Книга Кирби была написана до начала кампании Трампа против университетов, и это лишь усиливает ощущение шаткости положения Соединенных Штатов в мире высшего образования. По мере того, как администрация Трампа направляет усилия на установление беспрецедентного политического контроля над Гарвардом, вопрос о том, смогут ли США сохранить свое национальное богатство и могущество, становится все более актуальным.
Как следует из названия, в книге Кирби прослеживается эволюция современных университетов, начиная с их зарождения в Европе и заканчивая их возможным будущим, в котором в среднесрочной или даже ближайшей перспективе может доминировать Китай.
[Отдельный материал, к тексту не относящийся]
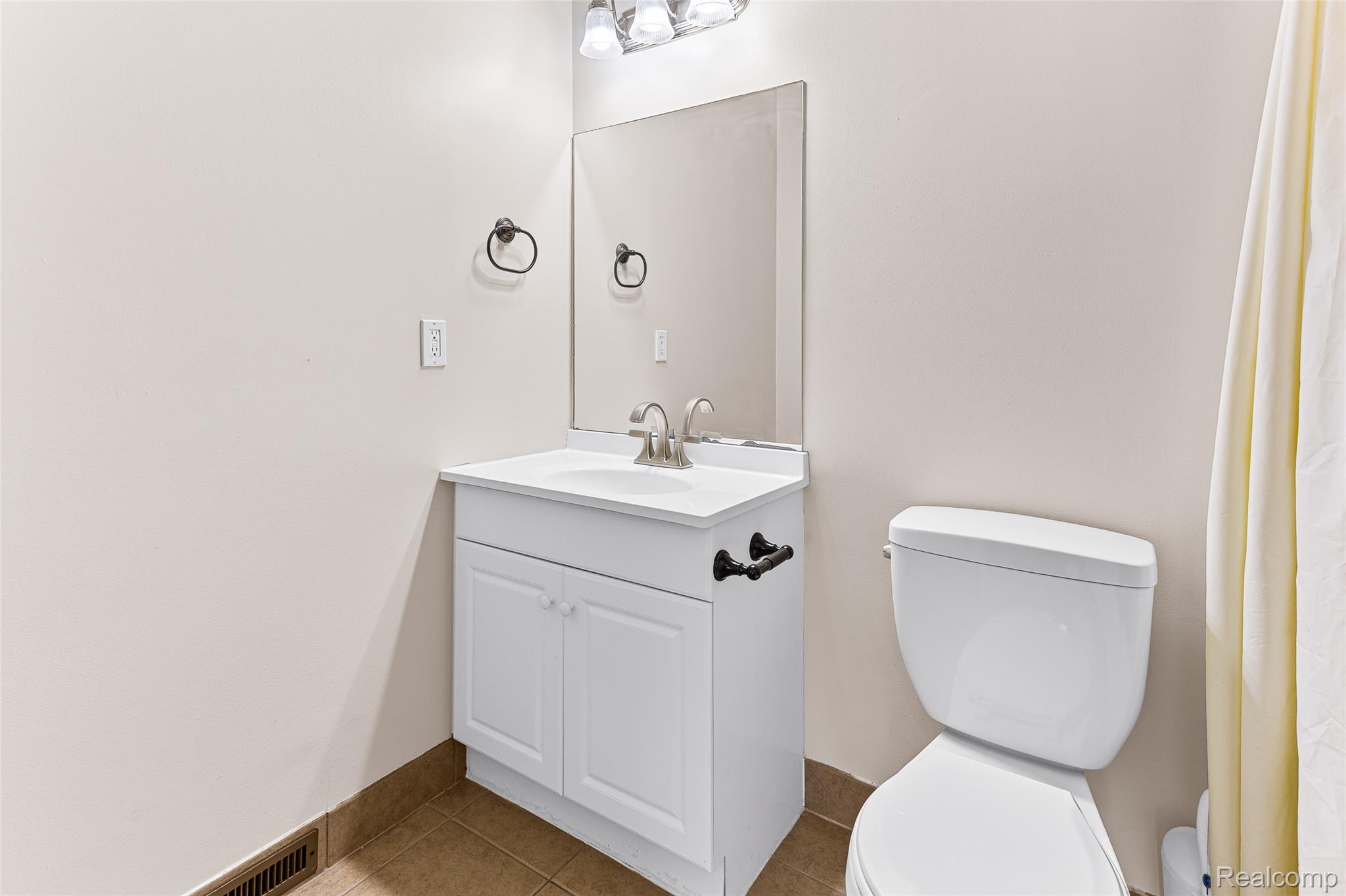 2260 N Hix Road Property Photo 22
Европа создала университеты в том виде, в котором мы их знаем. Новые учебные заведения возникли сначала в таких городах, как Болонья, Оксфорд, Саламанка и Париж, а затем распространились по всему континенту, прежде чем стали развиваться в остальном мире. Конечно, корни университетской системы лежат в античности, в частности в Греции. В других частях света появились специализированные учебные заведения, в том числе в Индии, Китае, Персии и арабском мире. Много лет назад я побывал в Тимбукту, на территории современного Мали, где в XIV-XV веках процветал исламский университет.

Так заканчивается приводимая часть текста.